Galán y Sánchez se dirigieron a una mesa auxiliar donde estaba la bandeja metálica con las escasas posesiones del fallecido. Un manojo de llaves unidas por una arandela metálica, calderilla, una cartera con el cuero cuarteado por el fango. En la cartera tres billetes de 10 pesetas y un billete de 100. Una bala dorada con la punta deformada rodó en la bandeja. La ropa del difunto estaba sucia pero plegada y al lado una carpeta con el informe preliminar de la autopsia, las huellas dactilares y fotos detalle de su cara. En alguna de las fotos habían pasado un pañuelo por debajo de la mandíbula que anudaron en la parte superior de la cabeza. Así se disimulaban los agujeros de bala de la cara y al cerrarle la boca le daba una apariencia más soportable.

Galán observó el azulado Documento Nacional de Identidad que encontró en la cartera.

—¿Tienes alguna duda respecto a la identidad de la víctima? —preguntó mientras volvía a guardar la tarjeta en la cartera e introducía la bala y el resto de pertenencias en varios sobres de pruebas.

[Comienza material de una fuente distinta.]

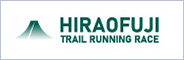 平尾富士トレイルランニングレース
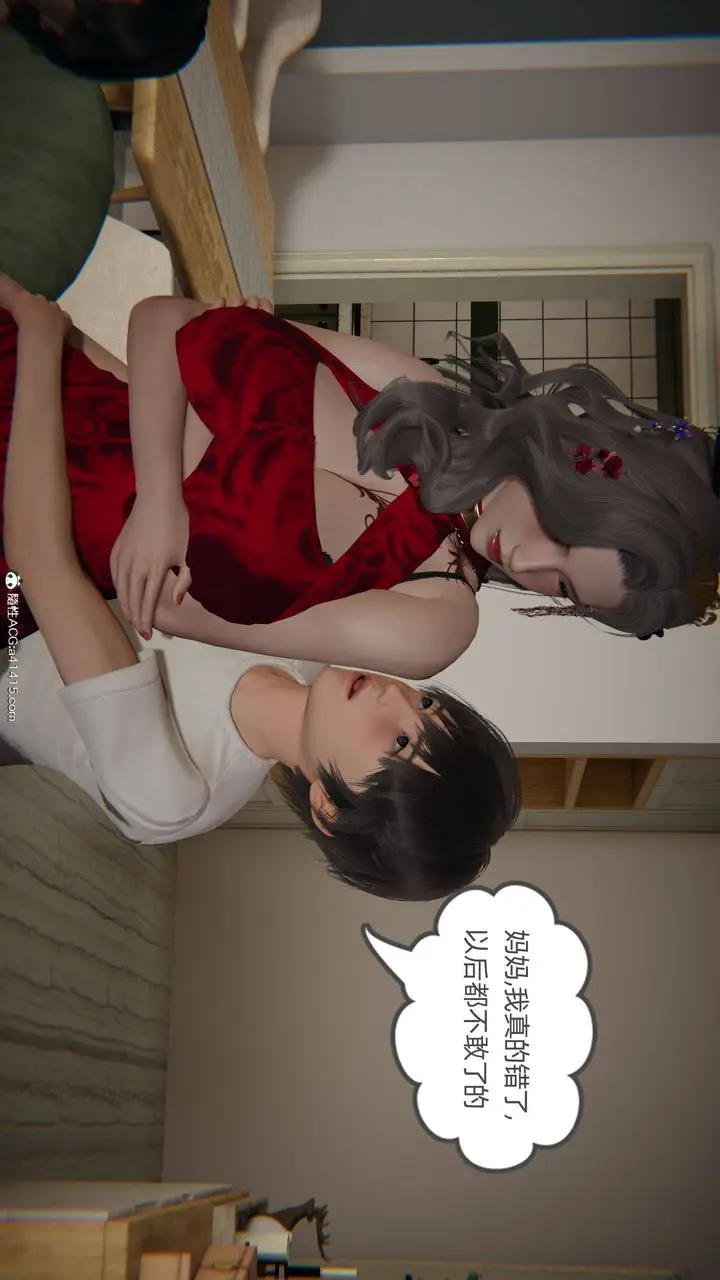漫画《[3D]我的超能力》第21话第57张图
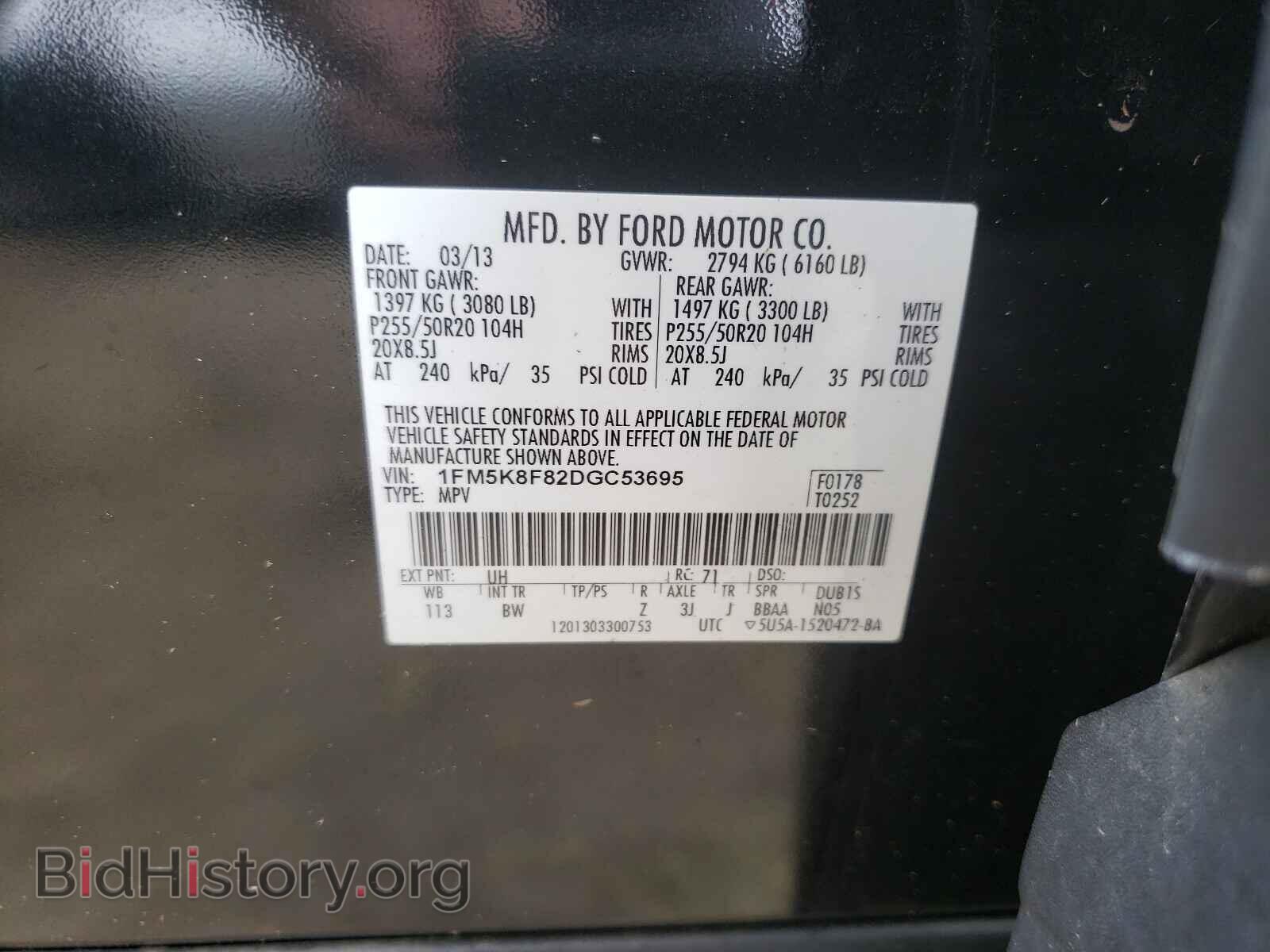 2013 FORD EXPLORER - VIN: 1FM5K8F82DGC53695 - Фото 10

—Hemos conseguido buenas huellas dactilares inyectando algo de parafina en el pulpejo de los dedos —respondió el forense desprendiéndose de la colilla que casi abrasaba sus labios—. Vuestros técnicos dirán si coinciden con las huellas de sus documentos oficiales. Si nos fijamos en la foto del documento de identidad yo diría que el parecido es razonable. Aquí acaba mi trabajo y ahora empieza el vuestro.